There was no-one around, so I picked it up and slipped it in my pocket.

I felt quite chuffed with my find… but not as chuffed as you might think.

Y’see, last month, whilst walking through the same woods – with the same dog – I happened across a ten-pound note, again, just lying there on the path.

And again, there was not a soul around, so I trousered that one too.

I don’t know about the streets of London being paved with gold, but the woods in Luton seem to be fairly flush.

Apart from the odd bits of loose change, this is the first decent bit of money I have found for a long time.

i remember many years ago, when I lived and worked in town, I was walking to work bright and early one morning, when I saw a ten-pound note laying on the pavement. There was no-one around, so I happily pocketed it.

Thirty seconds later, I found another one: just laying there on the pavement. That too went into my pocket and I convinced myself – there and then – that I’d be stinking rich by the time I got to the end of the road: imagining bundles of ten-pound notes littering my journey to work.

Of course, I never found anymore.

Until now.

Maybe my luck has changed .

Or maybe I’ll just be healthier and wealthier if I walk the dog more often.


Today, Harry and I visited the Royal Institution, down that London.

It was this: most excellent.

Harry was invited as part of the Maths Masterclass events that the RI has been running.  He attended 10 of them, earlier in the year, up at Bletchley Park and this was a follow on.

He got to sit in the famed lecture theatre for four hours, along with a whole load of other kids, whilst the parents (actually: parent singular, as only one was allowed to accompany their child), did similar maths puzzles and games in one of the other lecture rooms.

It was a lot of fun. For both of us.

And during the lunch break, I got to tour the place a bit and soak myself in it’s history and scientific grandeur.

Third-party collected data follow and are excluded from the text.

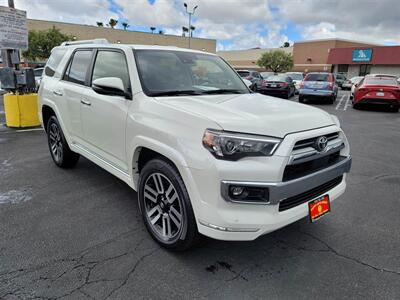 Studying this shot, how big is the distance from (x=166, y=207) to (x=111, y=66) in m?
1.83

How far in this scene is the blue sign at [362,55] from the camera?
1608 inches

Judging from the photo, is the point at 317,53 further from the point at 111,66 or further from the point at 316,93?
the point at 111,66

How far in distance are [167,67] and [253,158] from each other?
1696 mm

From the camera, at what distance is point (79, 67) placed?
4.29m

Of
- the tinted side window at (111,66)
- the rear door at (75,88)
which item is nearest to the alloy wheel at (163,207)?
the tinted side window at (111,66)

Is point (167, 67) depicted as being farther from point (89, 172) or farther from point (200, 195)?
point (89, 172)

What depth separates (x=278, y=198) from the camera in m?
2.28

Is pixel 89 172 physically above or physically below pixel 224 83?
below

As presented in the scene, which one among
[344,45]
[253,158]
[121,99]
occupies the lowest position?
[253,158]

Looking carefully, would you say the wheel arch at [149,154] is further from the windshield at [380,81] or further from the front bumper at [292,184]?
the windshield at [380,81]

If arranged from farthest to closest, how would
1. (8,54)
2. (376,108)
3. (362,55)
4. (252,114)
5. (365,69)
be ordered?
1. (365,69)
2. (362,55)
3. (376,108)
4. (8,54)
5. (252,114)

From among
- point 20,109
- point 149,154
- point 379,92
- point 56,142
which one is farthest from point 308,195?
point 379,92

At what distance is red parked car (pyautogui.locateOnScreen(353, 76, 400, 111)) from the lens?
504 inches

I think I may have squealed  a bit like a girl, when I found myself standing right outside Michael Faraday’s actual laboratory – excuse the reflections on the photo: it was behind protective glass.

Harry was less impressed. To him, Faraday – and Davy, for that matter –  is just an old dead bloke who invented lots of things that aren’t as good as what we have today.


Hopefully, when he is older, he will understand the significance of what Faraday achieved.

On another note, on the train on the way home, I overheard the conversation of two young girls seated behind us.

I say ‘overheard’ but they were talking rather loudly.  It kinda went like this:

“How is it at work? You still stupidly busy?”

“Yeah. We have this big job in Dubai that…” and she went on at length about some new hotel that she was involved with. “How’s it with you? You still on that same project?”

“No. They’ve moved me on to the Apollo 11 project now. It’s REALLY interesting, but a lot of it goes over my head, to be honest.”

My ears pricked up at this point. The Apollo 11 project? What’s this all about then? What’s this young girl doing that involves Apollo 11? Where does she fit in? What’s happening? I need to know… tell me… tell me…

But, then they got up and left the train at the next station, so I never got to find out.


I officially give up! Yet again.

Morse code is an anachronism.

Invented and used in the 1840’s, it seems somewhat out of place in today’s high-speed world, where data rates are so high that whole sentences of text can be sent in the blink of an eye.

It’s an outmoded form of communication, that just doesn’t sit well with modern  methods.

And yet… it does.

It is still used by the military – not necessarily as the main basis of contact nowadays, but certainly as a fallback, I’m sure.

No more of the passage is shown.